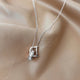 New Classic Zircon D Letter Pendant Titanium Steel Short NecklaceAzizaK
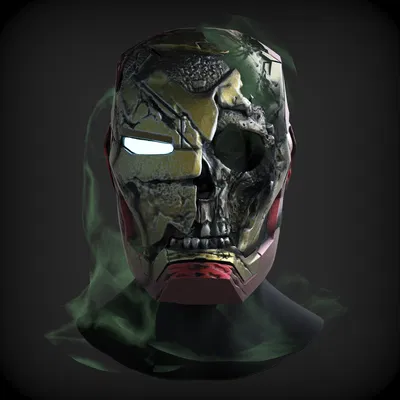 PPC | Nón Giáp Ironman Zombie MK 46 | In 3D | File STL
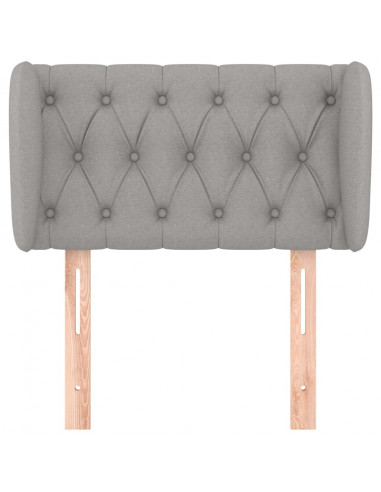 Testiera ad Orecchio Grigio Chiaro 83x23x78/88 cm in Tessuto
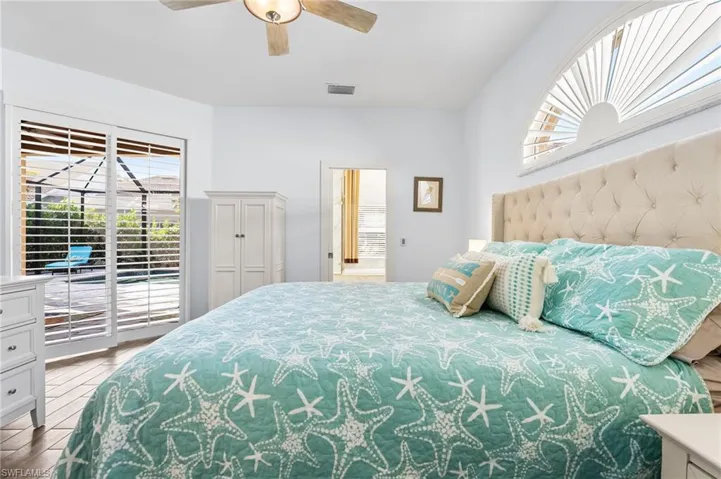 You have access to your lanai from the primary suite! Ensuite bath.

....

### TASK GOAL
Apart from the pictures, the whole listing should be reproduced exactly.

### RESPONSE
 New Classic Zircon D Letter Pendant Titanium Steel Short NecklaceAzizaK
 PPC | Nón Giáp Ironman Zombie MK 46 | In 3D | File STL
 Testiera ad Orecchio Grigio Chiaro 83x23x78/88 cm in Tessuto
 You have access to your lanai from the primary suite! Ensuite bath.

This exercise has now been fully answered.